LISTED RECORDS:
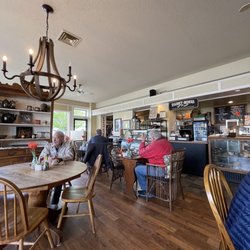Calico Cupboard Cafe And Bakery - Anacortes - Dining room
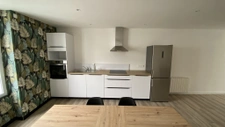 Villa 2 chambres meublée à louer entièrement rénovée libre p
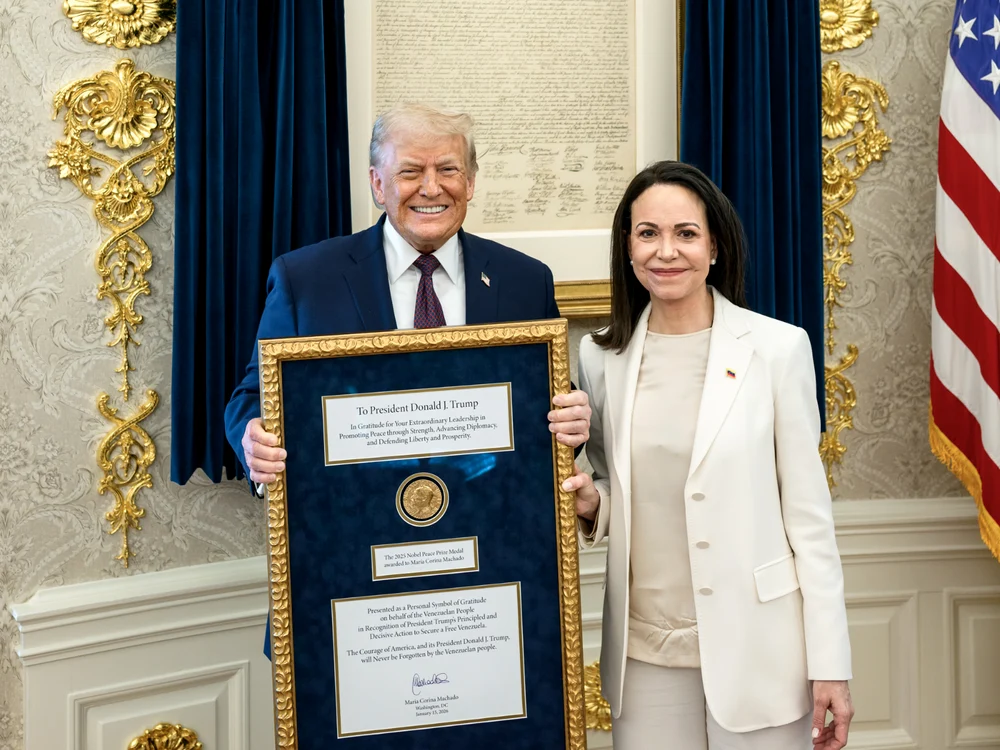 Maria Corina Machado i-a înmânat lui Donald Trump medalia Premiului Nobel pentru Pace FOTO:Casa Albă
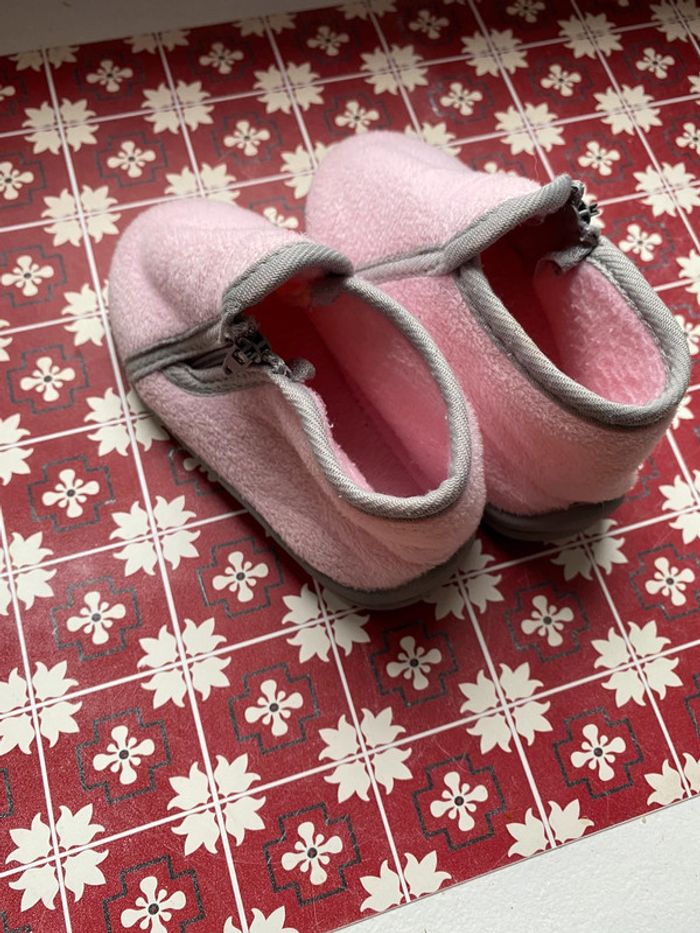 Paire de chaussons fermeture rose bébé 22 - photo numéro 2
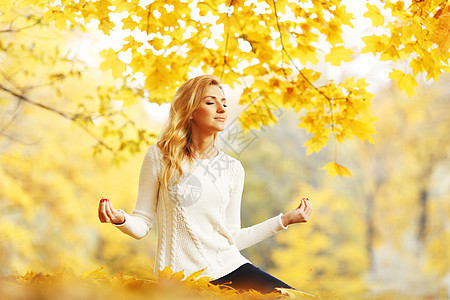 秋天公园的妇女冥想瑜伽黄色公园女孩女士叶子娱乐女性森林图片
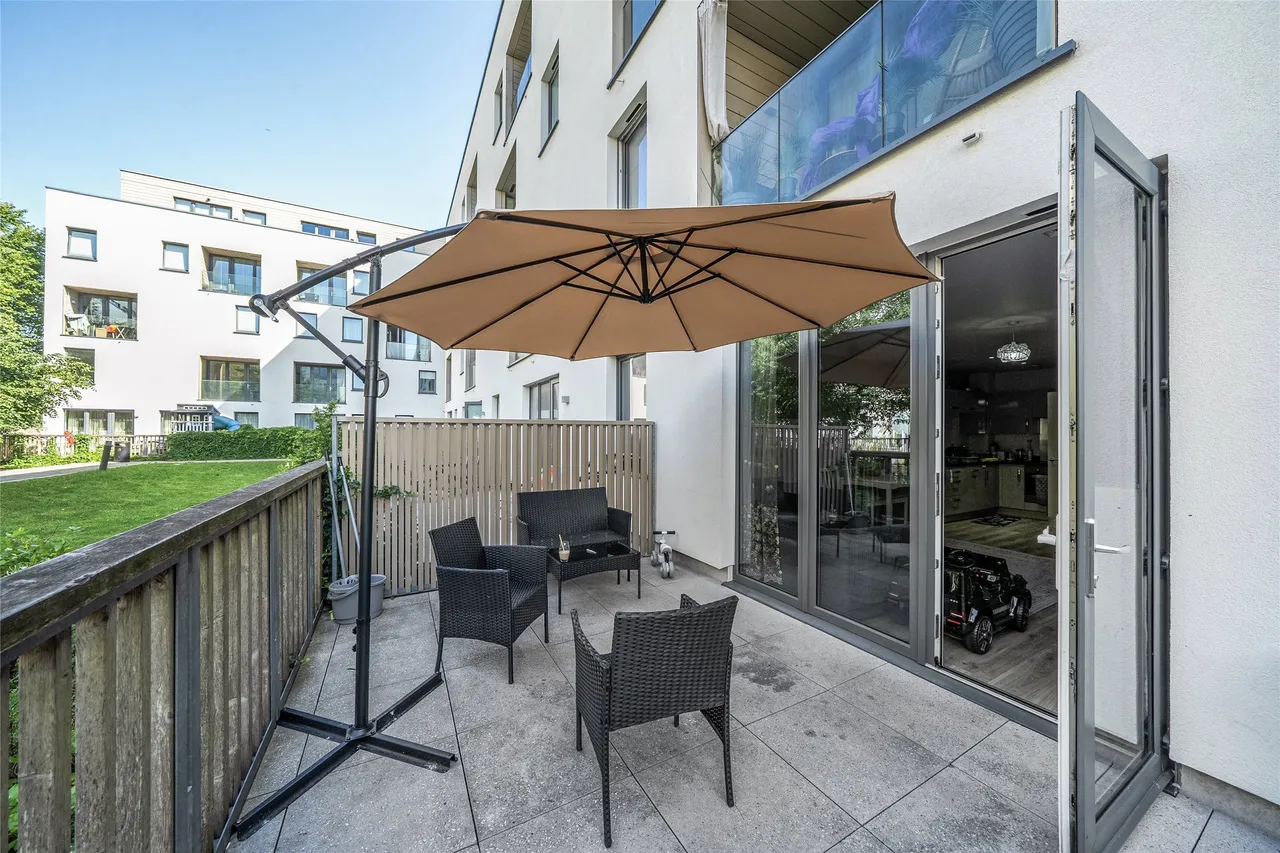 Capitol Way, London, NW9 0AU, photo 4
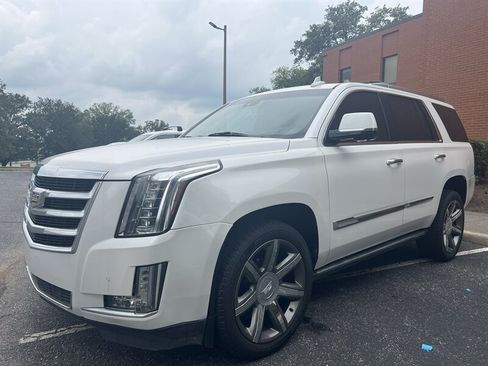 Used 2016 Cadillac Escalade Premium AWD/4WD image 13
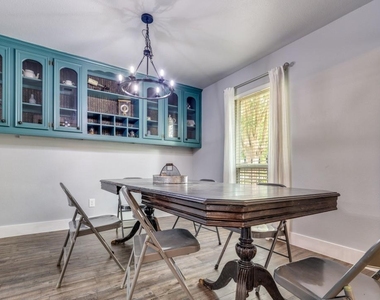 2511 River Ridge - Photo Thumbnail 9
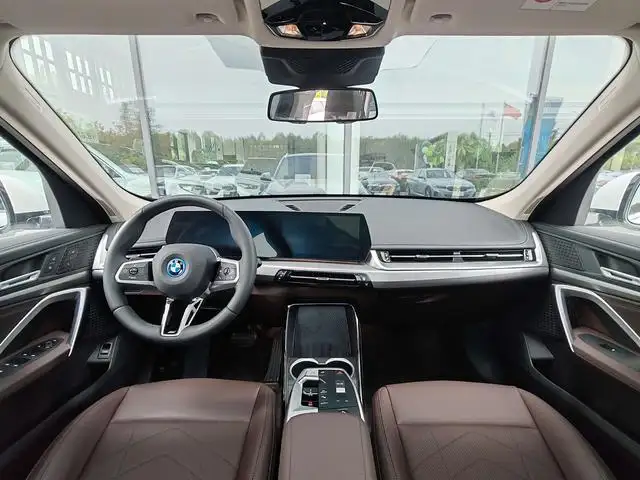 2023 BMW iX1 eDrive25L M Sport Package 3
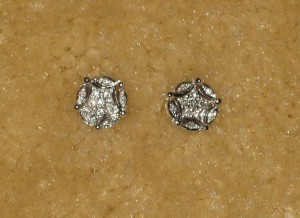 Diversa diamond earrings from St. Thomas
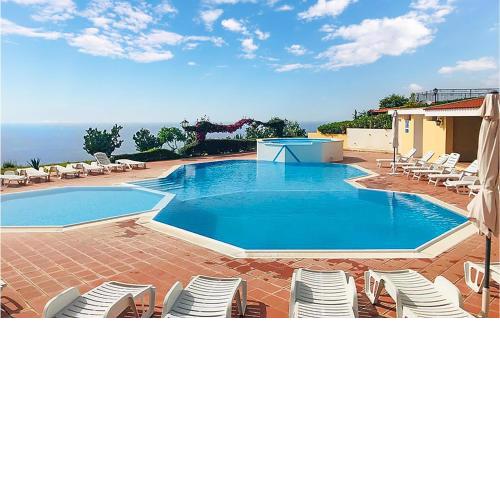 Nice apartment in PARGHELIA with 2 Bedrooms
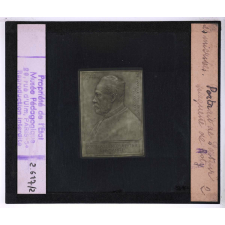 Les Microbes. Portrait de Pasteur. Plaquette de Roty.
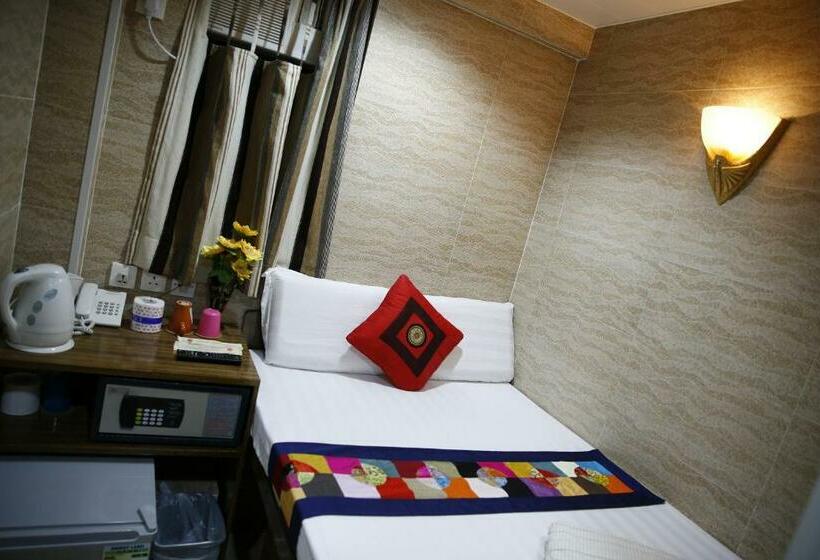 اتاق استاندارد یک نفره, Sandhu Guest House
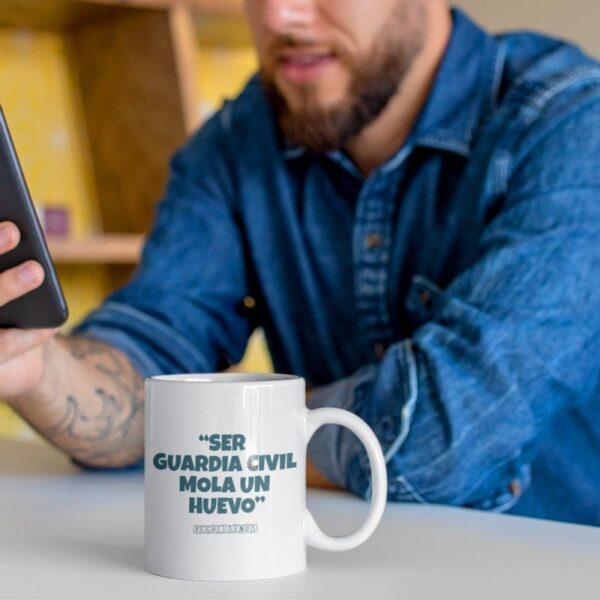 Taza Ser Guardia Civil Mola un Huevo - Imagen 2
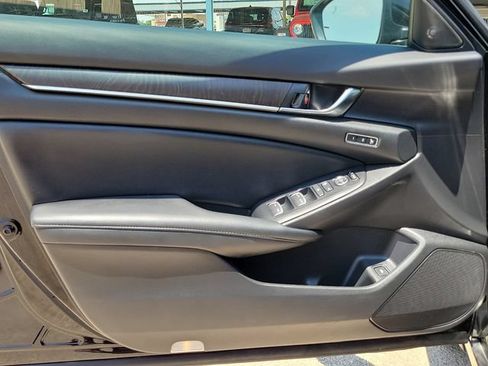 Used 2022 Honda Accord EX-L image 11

TASK DETAILS: Without copying any picture, repeat the full listing above word for word.

TASK OUTPUT:
Calico Cupboard Cafe And Bakery - Anacortes - Dining room
 Villa 2 chambres meublée à louer entièrement rénovée libre p
 Maria Corina Machado i-a înmânat lui Donald Trump medalia Premiului Nobel pentru Pace FOTO:Casa Albă
 Paire de chaussons fermeture rose bébé 22 - photo numéro 2
 秋天公园的妇女冥想瑜伽黄色公园女孩女士叶子娱乐女性森林图片
 Capitol Way, London, NW9 0AU, photo 4
 Used 2016 Cadillac Escalade Premium AWD/4WD image 13
 2511 River Ridge - Photo Thumbnail 9
 2023 BMW iX1 eDrive25L M Sport Package 3
 Diversa diamond earrings from St. Thomas
 Nice apartment in PARGHELIA with 2 Bedrooms
 Les Microbes. Portrait de Pasteur. Plaquette de Roty.
 اتاق استاندارد یک نفره, Sandhu Guest House
 Taza Ser Guardia Civil Mola un Huevo - Imagen 2
 Used 2022 Honda Accord EX-L image 11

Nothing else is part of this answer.